Disallows & The Future of AI

TL;DR – Robots.txt disallows could become a big deal in the generative AI era. Tools like ChatGPT rely on crawling the web, like a search engine, to improve their models. But more and more sites are blocking them with disallows.

Why Robots.txt directives are important for AI

ChatGPT and other generative AI results might look really sad and confused in the near future. Content creators and publishers are taking actions to protect their content from being used by generative AI. While headlines might focus on lawsuits – the real war is being waged in text files. That’s right, a few lines of text added to an obscure file on websites could decide the fate of results on tools like ChatGPT.

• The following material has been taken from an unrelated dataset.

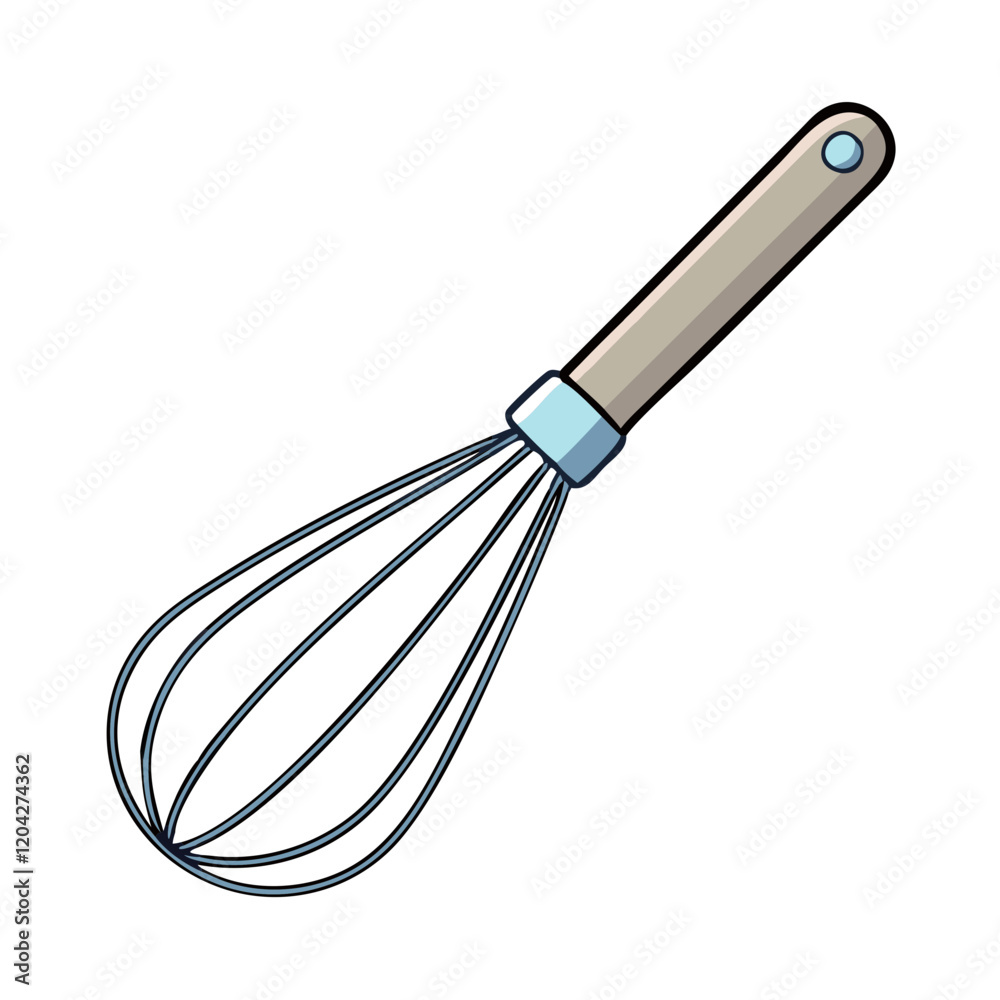 Fototapeta premium whisk icon, whisk vector illustration-simple illustration of whisk, perfect for whisk logos and icons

These text files are known as robots.txt files and the rules they contain, known as directives, could impact generative AI in monumental ways. More sites are adding robots.txt disallows for ChatGPT and Google Bard. And the utility of generative AI tools and experiences could diminish greatly if they can’t scrape content from popular websites.

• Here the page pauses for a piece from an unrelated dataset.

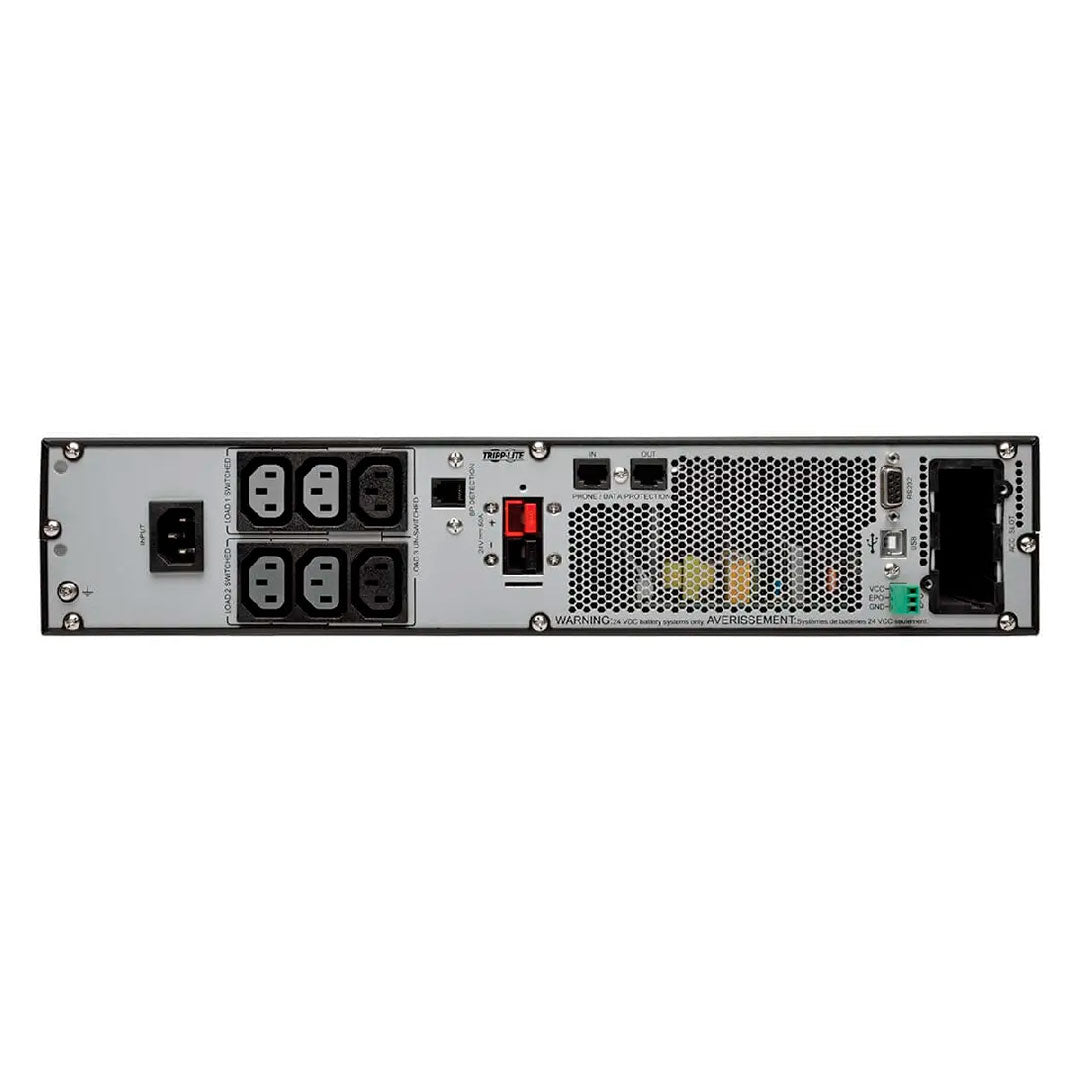 TRIPP-LITE SUINT1000LCD2U UPS SAI Tripp-Lite SUINT1000LCD2U 1 kVA, 900 W 208/230 V 2U Doble conversión en línea factor de conversión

For generative AI responses to be useful they need tons of training data. For training data to be timely and accurate, much of it needs to come from scraping websites. Popular websites blocking ChatGPT will make responses resemble the beta when their model was restricted to data before September 2021 – or worse.

Recapping how to block AI bots

If you want to prevent your content from showing up in generative AI tools like ChatGPT, you should start by blocking their bots crawling your website and scraping your content. As you might remember from How to Block AI from Scraping Your Content, robots.txt directives are one of the primary ways to block AI crawlers.

Below are the directives needed to block ChatGPT and Google Bard from crawling your website:

User-agent: GPTBot
Disallow: /

User-agent: Google-Extended
Disallow: /

Popular websites blocking ChatGPT and/or Bard

Some of the most popular websites I’ve noticed blocking ChatGPT and/or Google Bard with robots.txt directives are:

Facebook (blocking GPTBot & Google-Extended)
Amazon.com (blocking GPTBot)
NYTimes.com (blocking GPTBot & Google-Extended)
ESPN.com (blocking GPTBot & Google-Extended)
Pinterest.com (blocking GPTBot)
BBC.com (blocking GPTBot)
Lego.com (blocking GPTBot)
LATimes.com (blocking GPTBot)
TheVerge.com (blocking GPTBot & Google-Extended)
Freep.com (blocking GPTBot & Google-Extended)

Robots.txt could become a hot topic

Googlebot and other crawlers follow robots.txt directives on an honor system. Historically this has rarely been a problem, but that could change with the rise of generative AI. If robots.txt directives remain one of the only methods of blocking most popular generative AI content scrapers – it could become a hot topic for legal experts. Robots.txt compliance might need to be compulsory if other reliable methods for “opting out of AI” aren’t established. Meanwhile, it will be interesting to see if robots.txt directives are brought in legal battles – like the lawsuit the NY Times filed against OpenAI and Microsoft.

SGE, Circle to Search & AI-powered insights for multisearch

It’s worth pointing out that Google SGE, Circle to Search, and Google’s AI-powered insights for multisearch won’t be impacted by the changes referenced above. Google hasn’t offered a way to block SGE outside of blocking Googlebot from crawling your website. And it’s unlikely that many webmasters or companies will want to part with their organic search traffic in exchange for blocking these generative AI experiences. I suspect this could change quickly if Circle to Search is expanded to more devices, multisearch use increases and/or SGE (or an equivalent) goes live. Either way, it would be nice for Google to offer a way to block crawling for their AI models independent of Googlebot.

Only time will tell what direction Google takes with AI-powered search results. Meanwhile, I suspect the utility of ChatGPT and Google Bard will plummet as more sites block their crawlers.